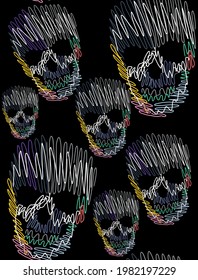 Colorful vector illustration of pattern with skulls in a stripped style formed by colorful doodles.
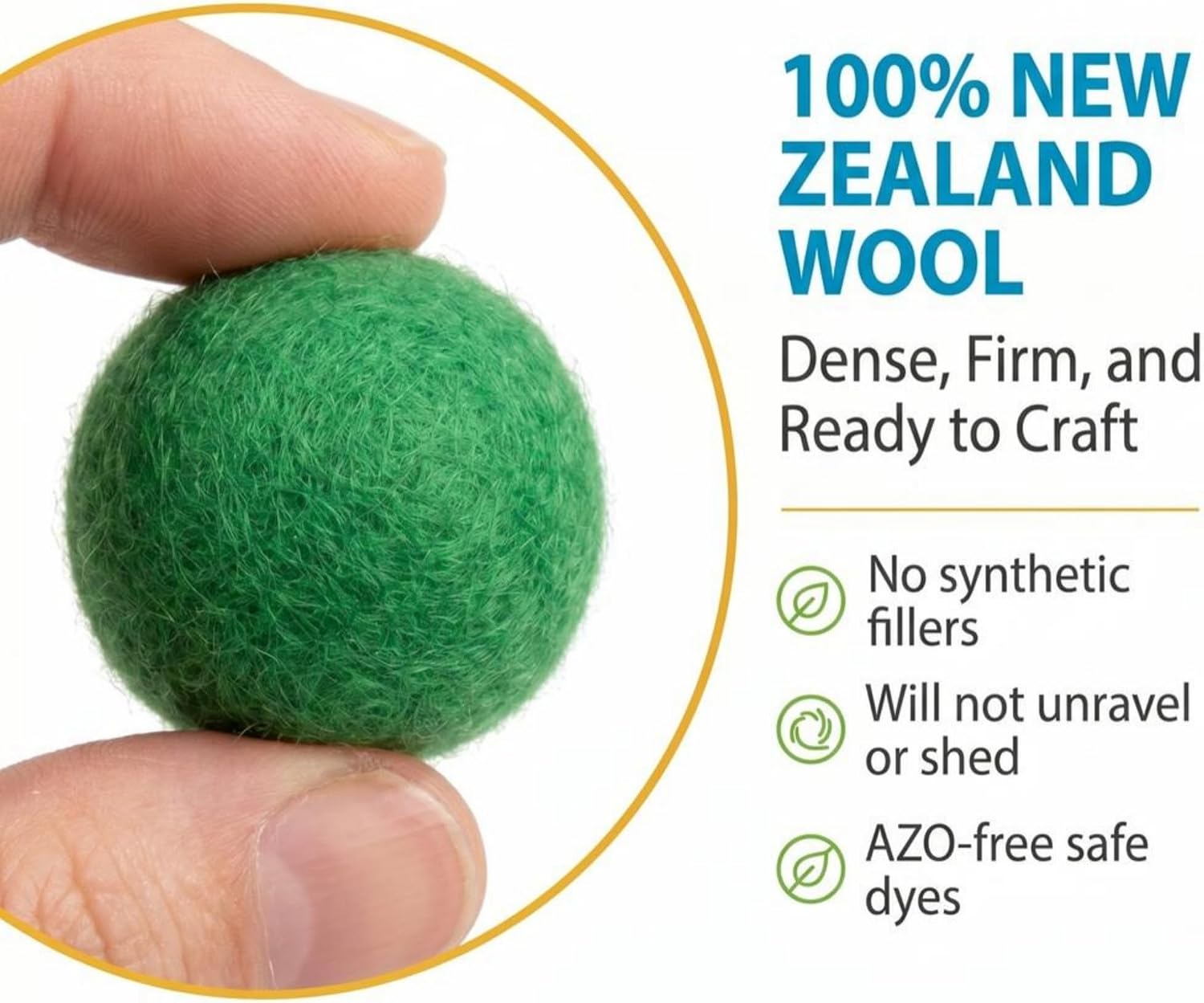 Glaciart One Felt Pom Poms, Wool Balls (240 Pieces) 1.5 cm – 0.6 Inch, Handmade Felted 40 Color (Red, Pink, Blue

==

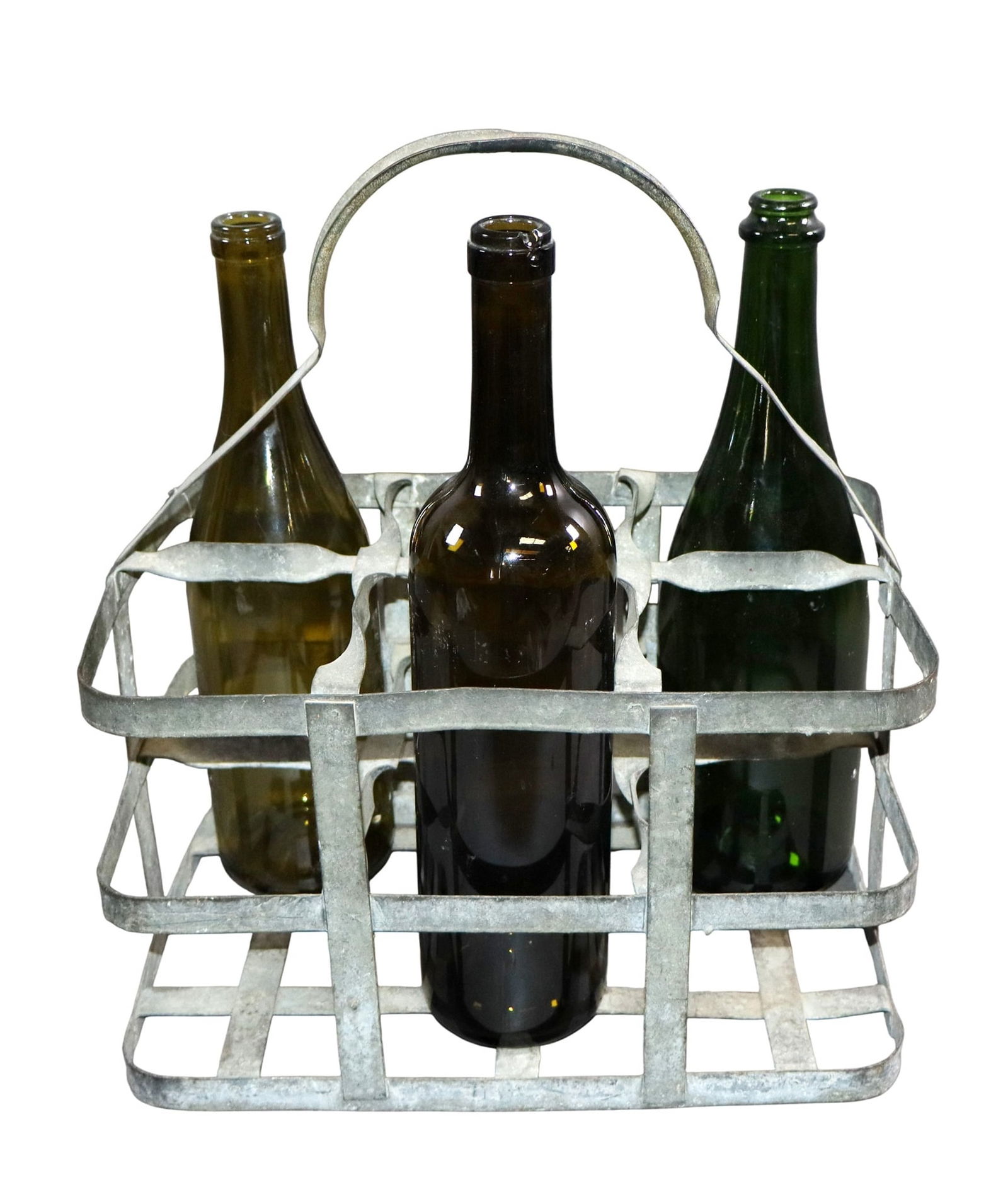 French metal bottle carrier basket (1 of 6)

What you will do
Start at the line containing "Colorful vector illustration" above and stop at the line containing "Glaciart One Felt". Output those lines exactly, both included, but none of the pictures.

The answer
 Colorful vector illustration of pattern with skulls in a stripped style formed by colorful doodles.
 Glaciart One Felt Pom Poms, Wool Balls (240 Pieces) 1.5 cm – 0.6 Inch, Handmade Felted 40 Color (Red, Pink, Blue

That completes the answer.